▶ _EXERCISE INPUTS_:
***
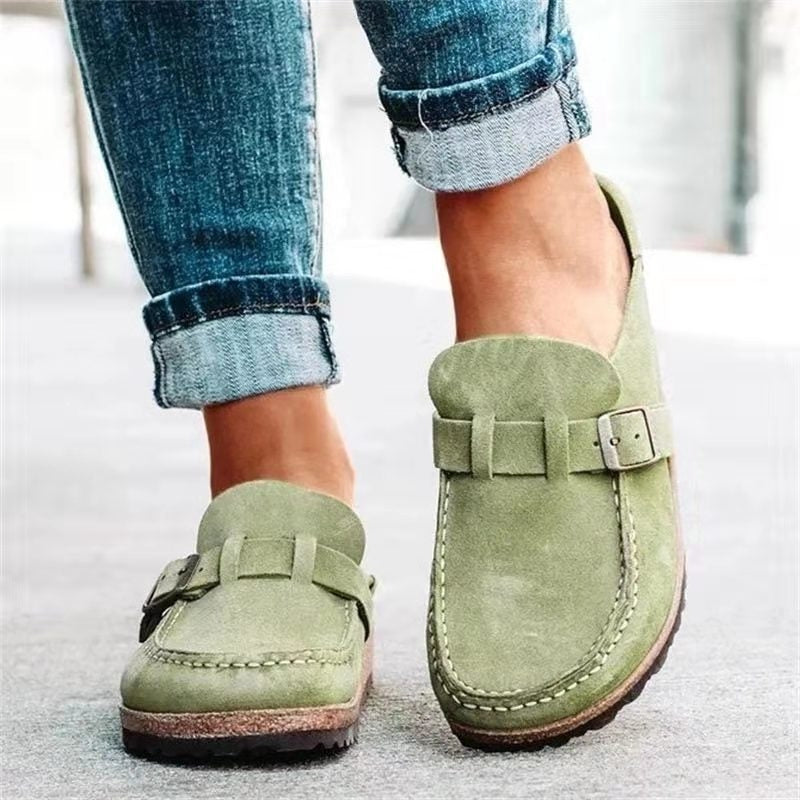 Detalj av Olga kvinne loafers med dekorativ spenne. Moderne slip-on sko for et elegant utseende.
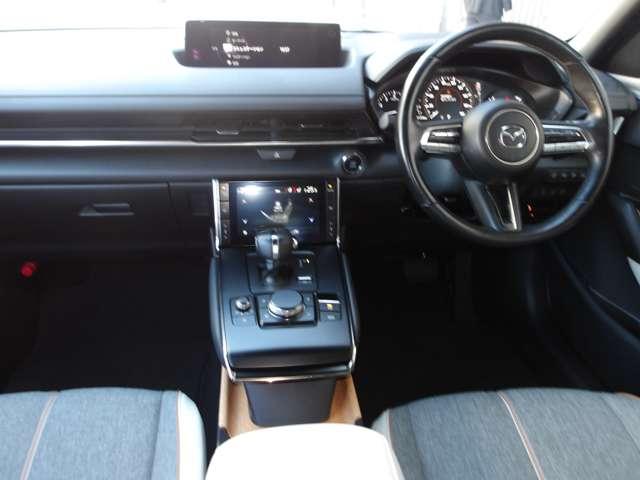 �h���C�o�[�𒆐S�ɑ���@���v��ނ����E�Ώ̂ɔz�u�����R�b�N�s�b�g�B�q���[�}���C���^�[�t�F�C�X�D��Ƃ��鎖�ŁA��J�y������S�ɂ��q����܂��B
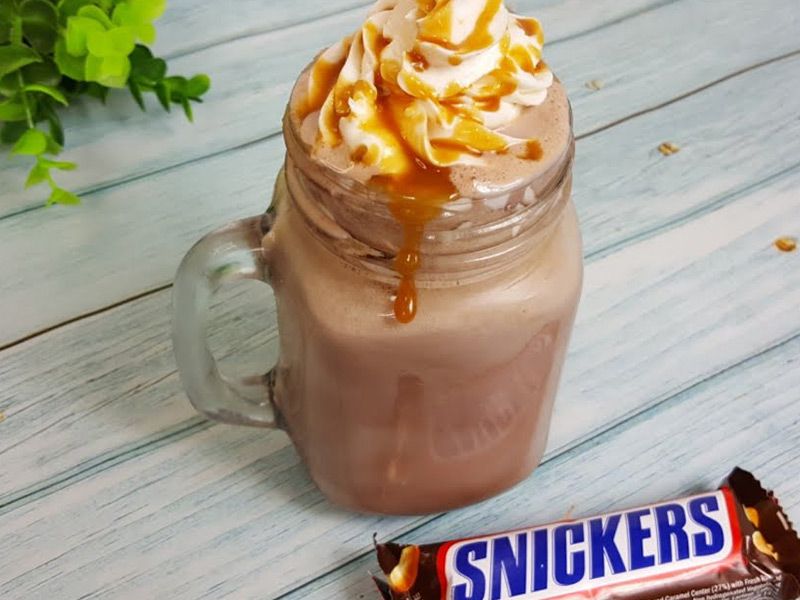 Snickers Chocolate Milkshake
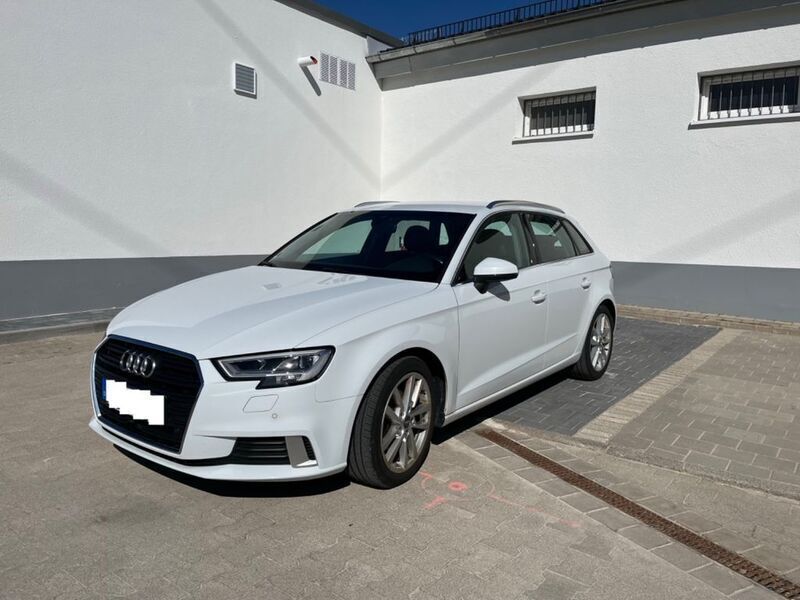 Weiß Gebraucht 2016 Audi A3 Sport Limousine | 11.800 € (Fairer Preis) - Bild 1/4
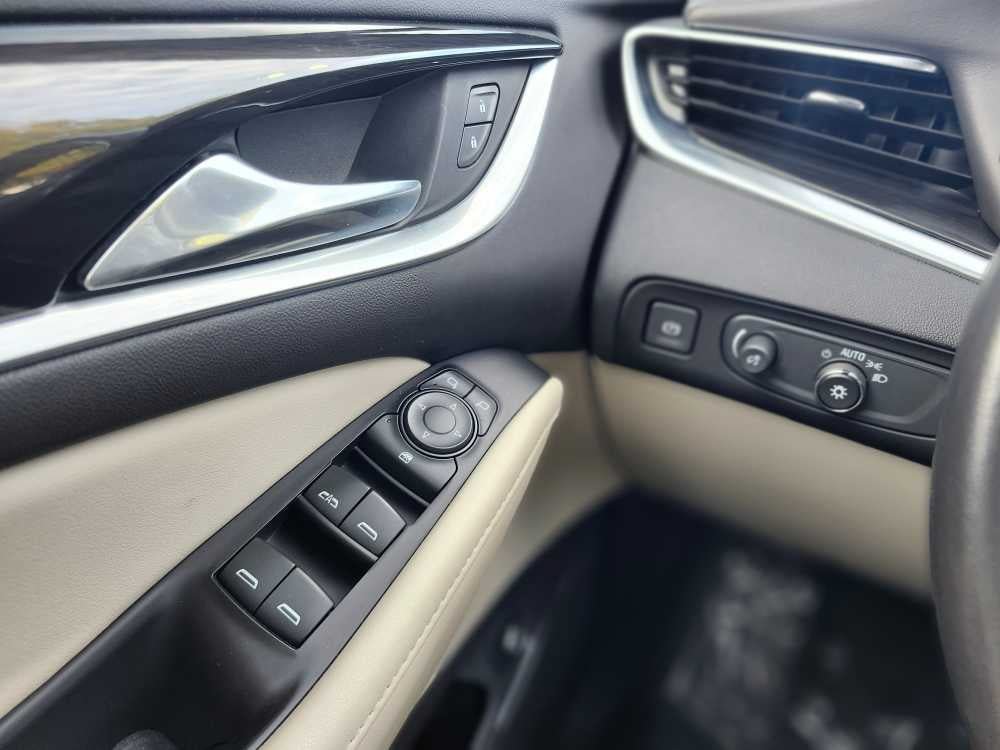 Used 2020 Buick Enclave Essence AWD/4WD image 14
***
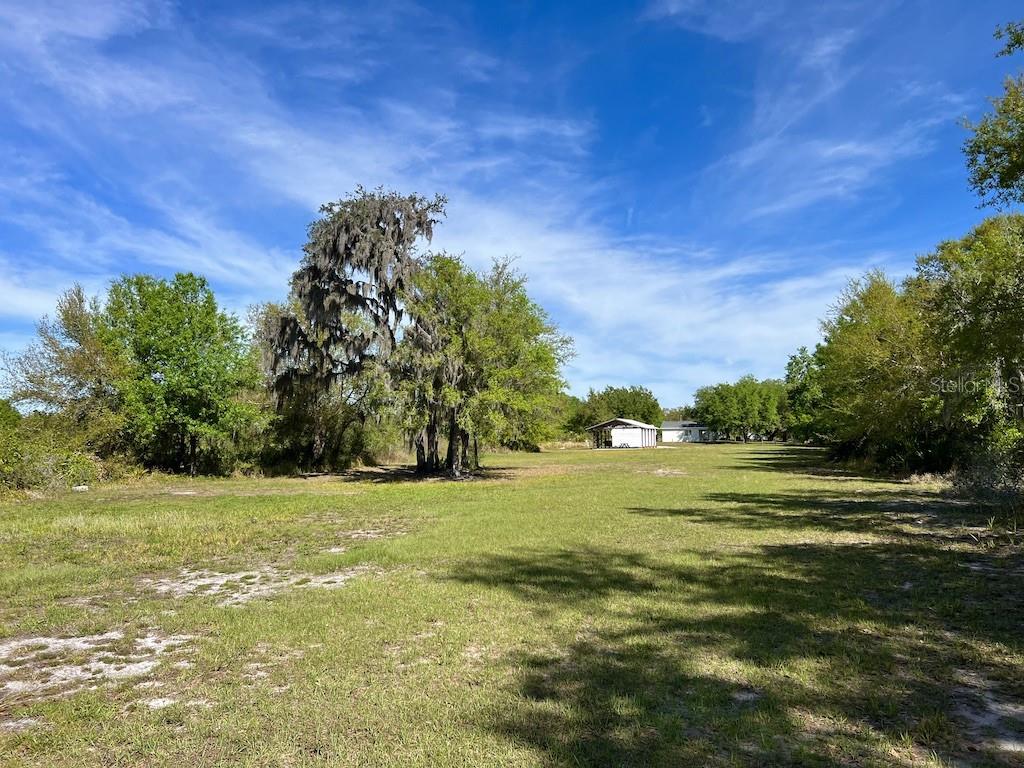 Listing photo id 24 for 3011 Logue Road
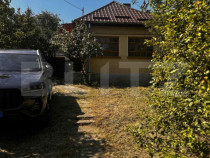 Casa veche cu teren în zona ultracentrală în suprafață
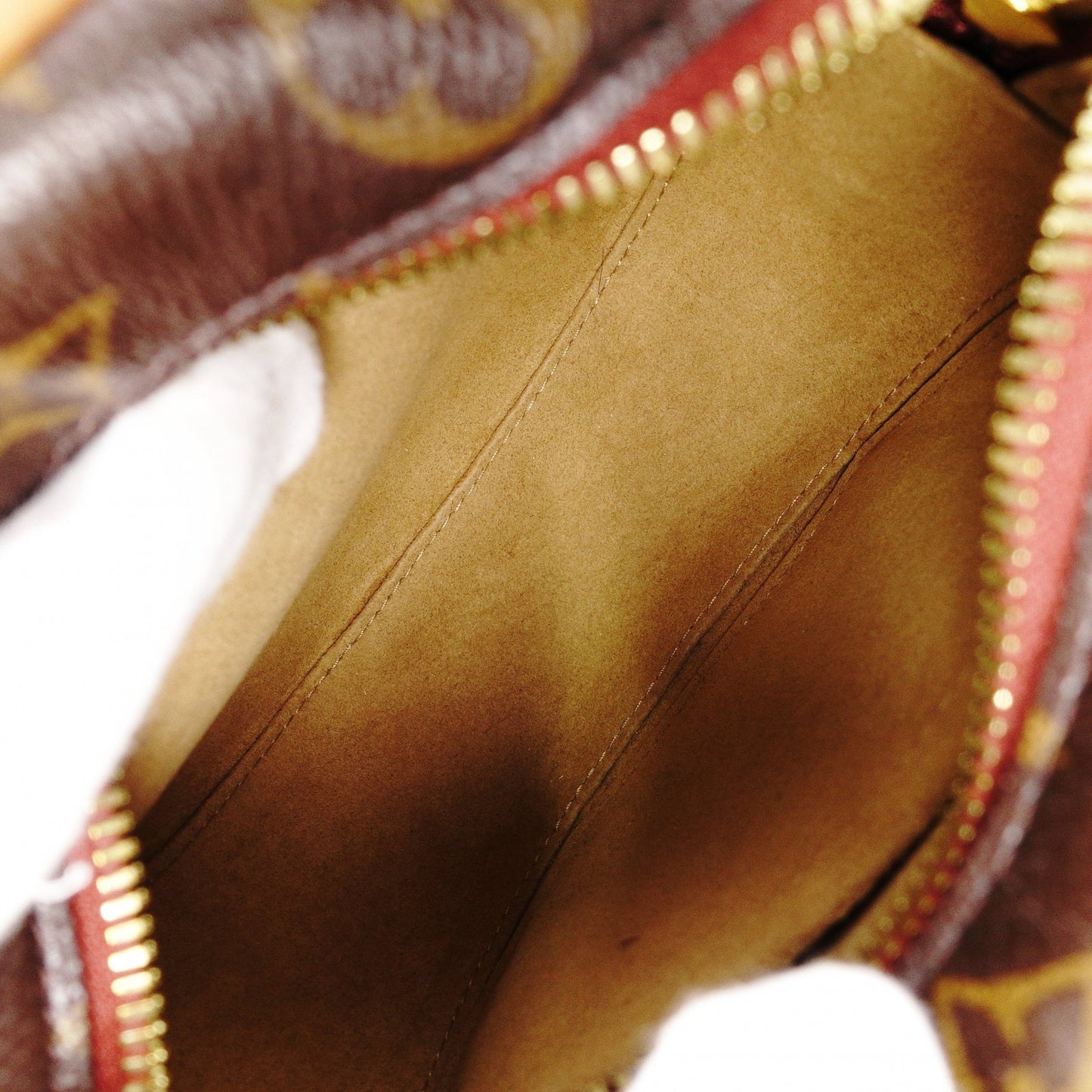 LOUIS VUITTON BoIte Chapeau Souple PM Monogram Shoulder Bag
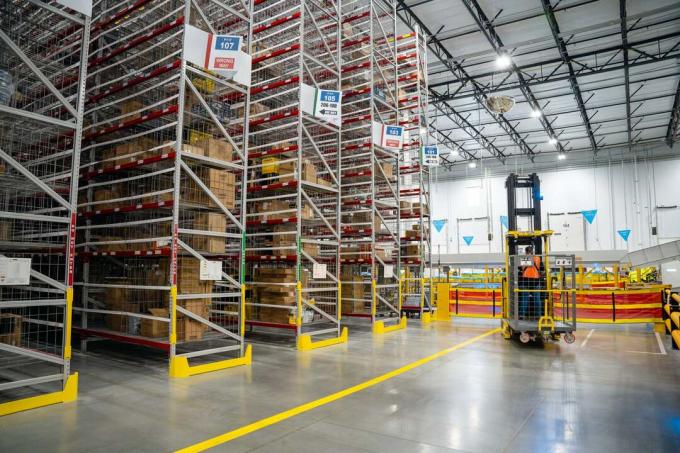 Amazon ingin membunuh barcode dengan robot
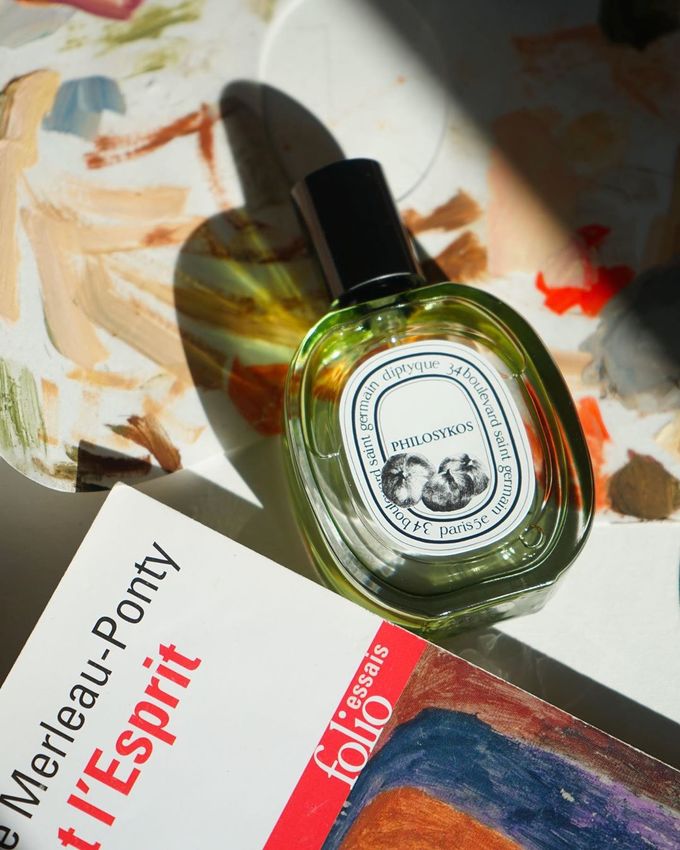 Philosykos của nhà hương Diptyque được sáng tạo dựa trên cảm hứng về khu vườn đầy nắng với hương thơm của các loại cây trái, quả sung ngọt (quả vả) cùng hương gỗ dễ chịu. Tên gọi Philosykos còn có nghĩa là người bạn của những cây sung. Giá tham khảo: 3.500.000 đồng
***
▶ _WORK ITEM_: Beginning at the line above that contains "Detalj av Olga", repeat each line exactly through the one that contains "Used 2020 Buick", and leave out the pictures.

▶ _EXERCISE RESPONSE_:
 Detalj av Olga kvinne loafers med dekorativ spenne. Moderne slip-on sko for et elegant utseende.
 �h���C�o�[�𒆐S�ɑ���@���v��ނ����E�Ώ̂ɔz�u�����R�b�N�s�b�g�B�q���[�}���C���^�[�t�F�C�X�D��Ƃ��鎖�ŁA��J�y������S�ɂ��q����܂��B
 Snickers Chocolate Milkshake
 Weiß Gebraucht 2016 Audi A3 Sport Limousine | 11.800 € (Fairer Preis) - Bild 1/4
 Used 2020 Buick Enclave Essence AWD/4WD image 14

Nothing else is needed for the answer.